Secercah Harapan Pagi

384 12 0
                                    


Sudah dua malam sehari langit ini menangis. Tak tampak ada tanda-tanda hujan akan usai. Gemulung mendung malah masih menutup lagit sehingga bumi gelap pun seisinya gelap. Di kawasan kota juga di kampung-kampung banyak ruas jalan yang yang menjelma kolam. Kadal dan para katak mengumpat sumpah serapah, katanya bosan berenang. Sesekali ia mengintip langit yang pekat.

"Kangen matahari, kakak," kata katak yang satu kepada yang lain.

"Sabar Dik, mungkin besok air surut dan matahari kembali hadir. Yakinlah, hanya keyakinan yang membuat kita terus hidup, bukan?" Nasihat kakak katak pada adiknya.

Si adik katak penanya tadi menyunggingkan senyum. Lalu memeluk mesra sang kakak.

Fajar di ufuk timur belum mekar. Shalawat bubaran shalat subuh baru saja usai. Aku membuka selimutku. Kini aku tak ke masjid, maklum. Iman di dada berlangsung kembang kempis. Hanya saja memang ada sedikit kerugian yang kurasa. Terasa jauh dari Allah bila tidak shalat jama'ah di mushalla samping kontrakan.

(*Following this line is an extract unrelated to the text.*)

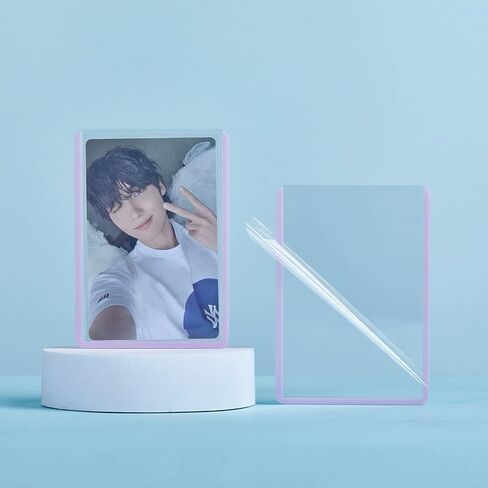 Colored Border Toploaders for Kpop Album Photocards, 2.5" x 3.5" (Pack of 25) (Lilac) in Saudi Arabia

Kubopong tubuhku sendiri. Berusaha duduk lalu berdiri sekuat tenaga. Kukucek kedua mataku yang masih malas.

Jalanan masih sepi, airmata langit masih berlinang. Pintu dan jendela rumah-rumah warga masih rapat terkunci. Hanya beberapa pintu yang sudah buka. Bahkan yang sudah siap ke pasar dengan motor digandoli syur dagangan diboncengannya adalah tetangga seberang kontrakanku.

Kuseret perlahan kakiku menuju kamar mandi. Kubasuh kedua tanganku memulai berwudhu, kuusahakan pekerjaan mulia ini kulakukan dengan tuma'nina hingga akhir membasuh kaki. Lalu kupanjatkan doa. Lantas menegakkan perintah Allah yang agung: Shalat.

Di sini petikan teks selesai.